My experience with using H2O Flow

A web-based interactive notebook-like computational environment.

My experience with using H2O Flow

A web-based interactive notebook-like computational environment.


I came across H2O several times in the past couple of years but I didn’t get a chance to try it out by myself. Until very recently, I went to the SatRday Los Angeles conference 2019 at UCLA this year where Erin LeDell (@ledell) gave a keynote talk on scalable automatic machine learning with H2O. The elegant way she has navigated the model building process has fascinated me. Most importantly, H2O also has a very nice and friendly interface called H2O flow to users to quickly familiarize themselves with this tool. Here is a more detailed and official documentation of how to use H2O flow. But I’d like to highlight my favorite features.

Let’s get started

  1. First, go to the H2O website to download the zip file.
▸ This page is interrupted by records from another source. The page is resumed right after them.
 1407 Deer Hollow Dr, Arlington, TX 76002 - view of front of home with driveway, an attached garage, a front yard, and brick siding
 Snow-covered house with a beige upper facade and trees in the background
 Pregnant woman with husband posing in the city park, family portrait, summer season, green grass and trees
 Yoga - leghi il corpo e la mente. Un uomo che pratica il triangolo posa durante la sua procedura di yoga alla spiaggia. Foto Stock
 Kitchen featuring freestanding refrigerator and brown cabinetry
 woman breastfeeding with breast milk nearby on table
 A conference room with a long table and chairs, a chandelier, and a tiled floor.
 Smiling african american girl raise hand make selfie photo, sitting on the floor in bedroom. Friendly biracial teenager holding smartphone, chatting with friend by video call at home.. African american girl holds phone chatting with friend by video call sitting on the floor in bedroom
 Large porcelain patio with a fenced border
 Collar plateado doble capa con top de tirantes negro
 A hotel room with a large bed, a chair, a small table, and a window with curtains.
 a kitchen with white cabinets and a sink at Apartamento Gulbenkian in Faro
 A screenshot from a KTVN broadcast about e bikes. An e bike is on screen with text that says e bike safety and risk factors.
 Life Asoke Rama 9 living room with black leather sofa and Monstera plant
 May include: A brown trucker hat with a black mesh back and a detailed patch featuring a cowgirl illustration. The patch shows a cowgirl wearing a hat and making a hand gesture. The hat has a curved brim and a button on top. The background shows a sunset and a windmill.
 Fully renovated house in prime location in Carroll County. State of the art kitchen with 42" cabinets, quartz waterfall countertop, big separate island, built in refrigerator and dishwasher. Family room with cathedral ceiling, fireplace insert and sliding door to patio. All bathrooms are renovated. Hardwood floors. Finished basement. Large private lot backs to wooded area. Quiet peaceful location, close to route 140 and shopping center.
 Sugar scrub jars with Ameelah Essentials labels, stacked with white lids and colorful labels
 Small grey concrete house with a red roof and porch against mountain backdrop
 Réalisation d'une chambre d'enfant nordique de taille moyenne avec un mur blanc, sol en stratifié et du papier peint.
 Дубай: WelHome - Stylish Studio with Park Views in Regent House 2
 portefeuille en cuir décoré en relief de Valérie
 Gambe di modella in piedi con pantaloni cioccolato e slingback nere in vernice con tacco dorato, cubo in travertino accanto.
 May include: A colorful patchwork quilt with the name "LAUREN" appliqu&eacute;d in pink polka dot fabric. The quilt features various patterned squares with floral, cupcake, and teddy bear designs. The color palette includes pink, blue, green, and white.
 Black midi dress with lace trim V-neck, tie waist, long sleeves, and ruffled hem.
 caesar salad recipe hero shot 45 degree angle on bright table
  2. Follow the instruction to unzip the file and run it from your terminal.

    cd Downloads
    cd h2o-
    java -jar h2o.jar
  3. Then type http://localhost:54321 in your browser.

Feature highlight

  1. Notebook layout

    The feature that I appreciate the most is the similar layout as the Jupyter notebook. By adopting the style of the existing tools, it saves the users time from learning using the new interface to really starting to adopt this new tool.

  2. Examples

    Without too much efforts, new users can directly jump into the pipeline by opening the existing projects, i.e., deep learning, GBM, XGbBoost and etc.

    Control Panel Examples
  3. Running time

    Another noticable feature of the flow is that users have a better sense of time cost of each component in the pipeline. The running time of each block is shown by default, which also improves the users engagement from using this new tool.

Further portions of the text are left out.